SİSTEM İFLASINI SERGİLEDİ

Koronavirüs, kapitalist modernitenin iflasını sergiledi. Şimdi demokratik ve sosyalist modernitenin savunucuları daha güçlü biçimde sahne almalı. Doğayla uyumlu, toplumsal, planlı, üretken ve cinsiyet eşitlikçi yeni bir ekonominin zamanı gelmiş de geçmektedir. Kar hırsı bütün gezegeni yok etmeden toplum için üretime geçilmelidir.

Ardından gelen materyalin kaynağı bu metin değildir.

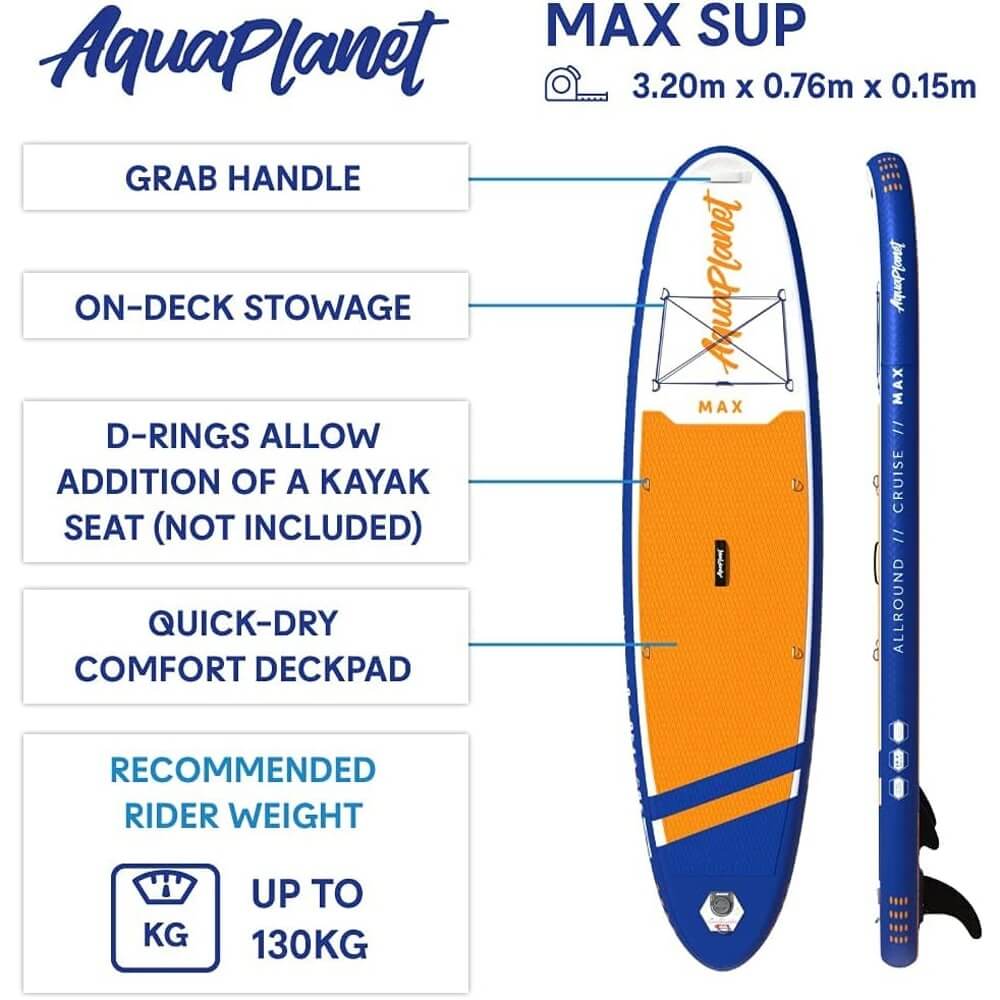 Aquaplanet 10'6" MAX Inflatable Stand Up Paddle Board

MÜCADELEYE HIZ KAZANDIRACAK

İşçilerin, köylülerin, kadınların üretim için ne kadar önemli olduğuna salgın sürecinde bir defa daha tanık olduk. Bütün değerleri üretiyorlar. Tarımda kendine yeterliliğin, gıda güvenliğinin ne kadar önemli olduğunu da gördük. Herkesin evlere kapanmasıyla kadınların ev içi emeğinin ne büyük bir değer ürettiği ne denli vazgeçilmez olduğu bir kez daha ortaya çıktı. Bütün bu değerleri yaratanların, salgın koşullarında korunmadığını, ücretli izne çıkartılmadığını, sosyal destek sağlanmadığını, can güvenliklerinin riske atıldığını, ev içi şiddetin tırmandığını da yaşadık. Bütün bunlar emekçilerin sınıf bilincinin gelişimine, kadınların cins bilincinin yükselmesine, birlik ve mücadelelerinin yükselmesine görülmedik bir hız kazandıracaktır.

KAPİTALİZME KARŞI DİRENİŞ

Sermaye doymak bilmez bir aç gözlülükle doğayı yağmalamaya, vergileri yükseltmeye, ücretleri düşürmeye başlayacak. Salgın öncesinde Şili’de, Lübnan’da, Irak’ta, Ekvator’da, Fransa’da ve pek çok başka ülkede gelişen halk isyanları, aslında emekçilerin yanıtını oluşturuyordu. Koronavirüs kapatmalarının açılmasıyla birlikte bu isyan dalgasının kaldığı yerden devam ettiğine ve halkların kapitalizme karşı direndiğine tanık olacağız. Meydanları dolduracak halklara öncülük edebilmek ise daha bugünden kapitalist modernitenin çok güçlü eleştirisini yapmaktan geçiyor.”